The battle between FORCE INDEX and the QUERY OPTIMIZER
Query Optimizer is a part of the server that takes a parsed SQL query and produces a query execution plan.
MySQL Query Optimizer uses (as one of its parameters) the stored key distribution (Cardinality) mechanism to determine the order in which tables should be joined, when you perform a join on something other than a constant and also for determining which indexes to use for a specific table within a query.
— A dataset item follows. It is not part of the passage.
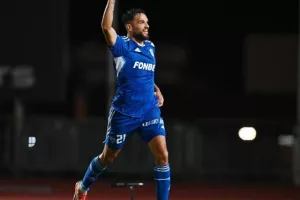 Καρμιώτισσα-Ανόρθωση: Διπλό... με Μάριο και Αντονίν (φώτος)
However, BEWARE! The query analyzer is not perfect. One of the many reasons is that the key distributions can be far from accurate. If the table has been heavily modified (INSERT or DELETE for example), over time the key distributions (Cardinality) diverge from the true state. (To solve this issue one must run ANALYZE TABLE once in a while).
An Optimizer that picks the wrong plan can cause severe performance issues. This means that your server can hit a performance problem at the most unexpected time.
Lucky for us, we can force the Optimizer to pick a particular plan (index) with the “Force Index” hint.
Does this mean that we should always use a Force Index hint?
NO!
Using FORCE INDEX() indiscriminately can also easily backfire. The distribution of the data or the values of query parameters can change, and the key that you thought was best for the query can, over time, become a less preferred plan. FORCE KEY should be used when you understand exactly why you are using it, and are 100% sure that there is no way the key that is being forced could become bad.
Note, that most often the need for FORCE KEY arises when the query is not very straightforward and there is no “awesome” winner key that the optimizer can easily spot. Such needs can often be addressed by re-writing the query and/or adding better keys.
Notes:
1. By default, ANALYZE TABLE statements are written to the binary log so that they will be replicated to replication slaves.
2. Another contributing factor to the MySQL Optimizers calculation of optimal query execution plan is the number of predicted disk IO/Seeks.
3. Use the ‘SHOW INDEX FROM table‘ statement in order to see the key distribution (Cardinality) for each index.
4. MyISAM data and indexes suffer from fragmentation. Running OPTIMIZE TABLE under MyISAM will sort and recreate the index and data files.
Thanks to Sasha from Percona for opening my eyes to this issue.
Hi,
Thank you for your post, I shall be experimenting with this shortly.
One interesting problem, when I type ‘show index from ‘ it states my cardinality for a boolean field as 17, instead of my expected 2 (on / off). The underlying type is ‘tinyint(1) not null’ – I’ve confirmed only values 1 and 0 are present ?
Additionally it also has the value 17 for a few other fields, for example ‘currency’ I know I have 96 distinct rows, but that’s also reporting a cardinality of 17.
Have you run into this at all?
Cheers,
Rob.
Please run ANALYZE TABLE and lets see how this affects the cardinality.